DATA SEGMENT:

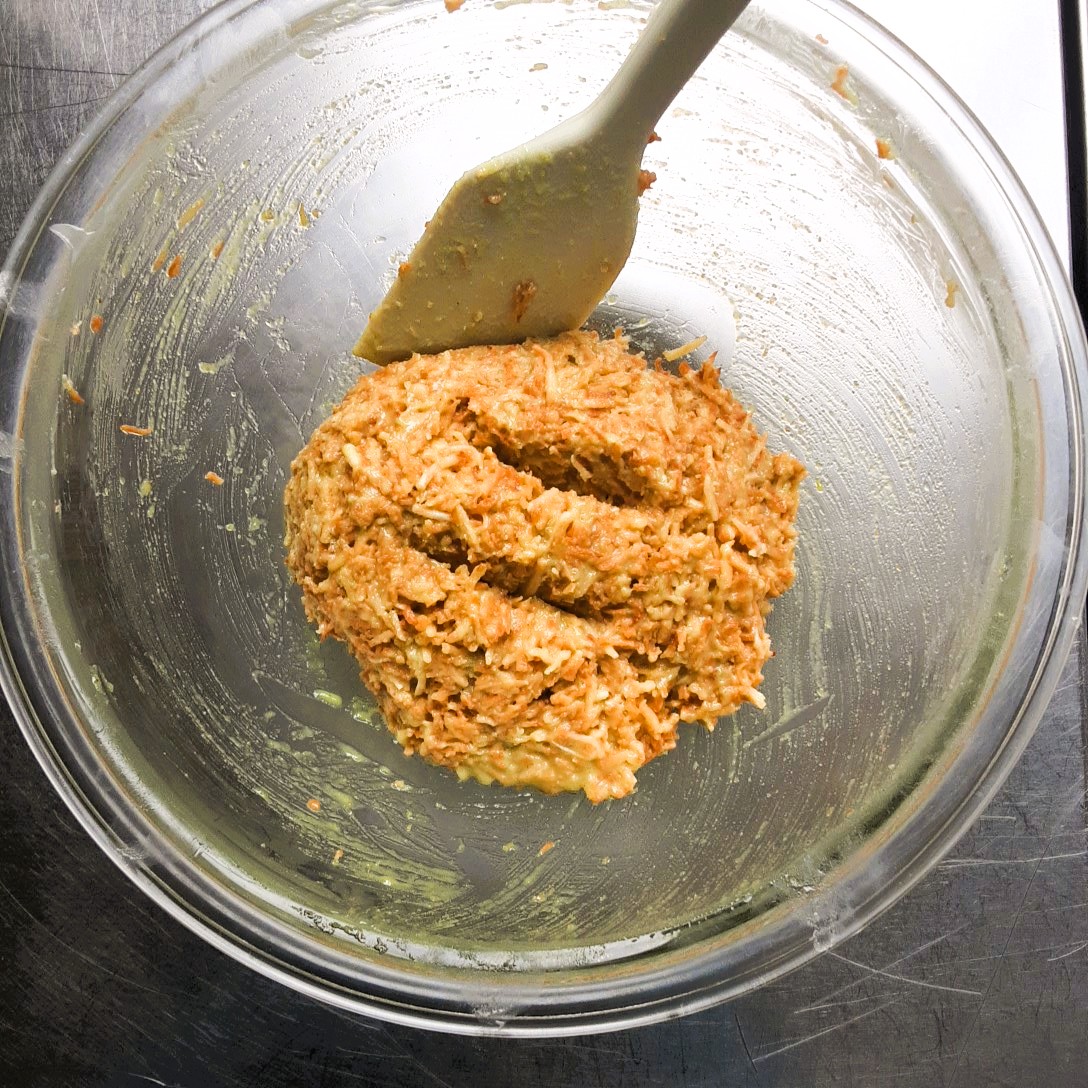 作り方の参考画像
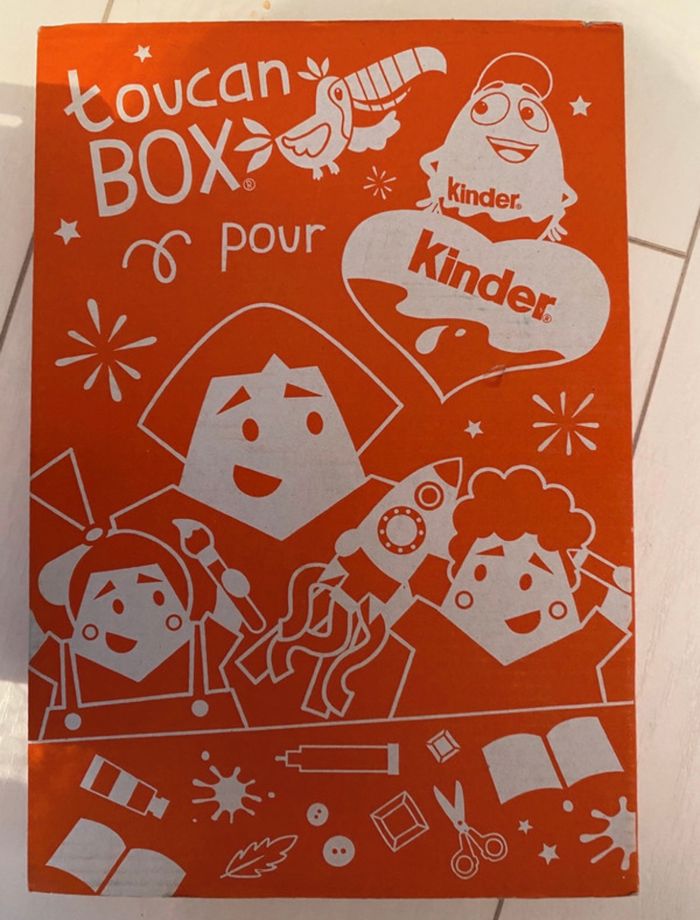 Activité coupe aborigène - photo numéro 3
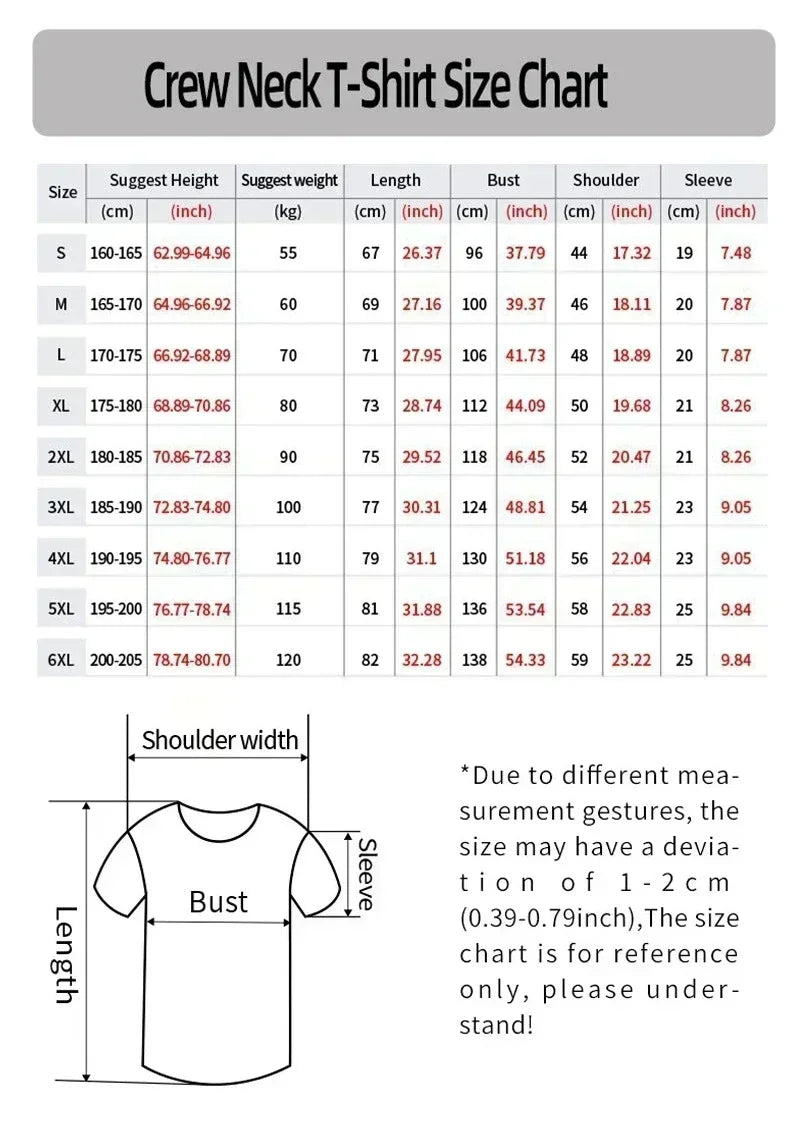2026 South Africa Springboks Rugby Jersey T-shirt Men Women Summer Sports T-shirt Breathable Quick Drying Clothing Unisex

REQUIRED WORK: Reproduce the preceding material exactly, skipping pictures.

RESPONSE TO THE EXERCISE:
 作り方の参考画像
 Activité coupe aborigène - photo numéro 3
2026 South Africa Springboks Rugby Jersey T-shirt Men Women Summer Sports T-shirt Breathable Quick Drying Clothing Unisex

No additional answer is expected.